(Input data begins)

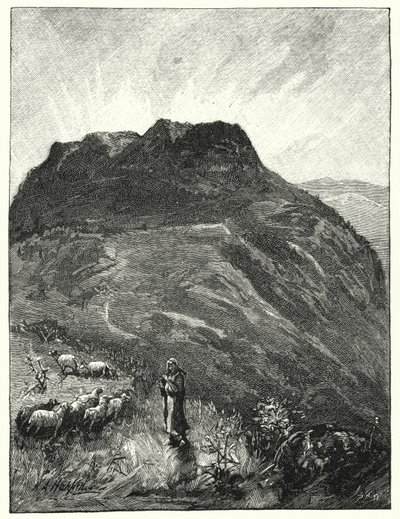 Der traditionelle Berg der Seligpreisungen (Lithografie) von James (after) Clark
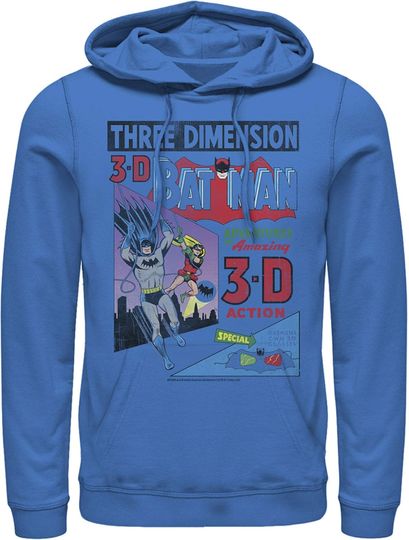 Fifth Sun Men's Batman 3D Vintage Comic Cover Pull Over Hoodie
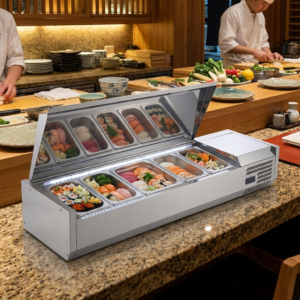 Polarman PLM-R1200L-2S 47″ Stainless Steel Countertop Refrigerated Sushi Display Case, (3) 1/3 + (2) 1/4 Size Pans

(Input data ends)

Your instructions:
Write out the data above in full and exactly, but without the pictures.

Exercise answer:
 Der traditionelle Berg der Seligpreisungen (Lithografie) von James (after) Clark
 Fifth Sun Men's Batman 3D Vintage Comic Cover Pull Over Hoodie
 Polarman PLM-R1200L-2S 47″ Stainless Steel Countertop Refrigerated Sushi Display Case, (3) 1/3 + (2) 1/4 Size Pans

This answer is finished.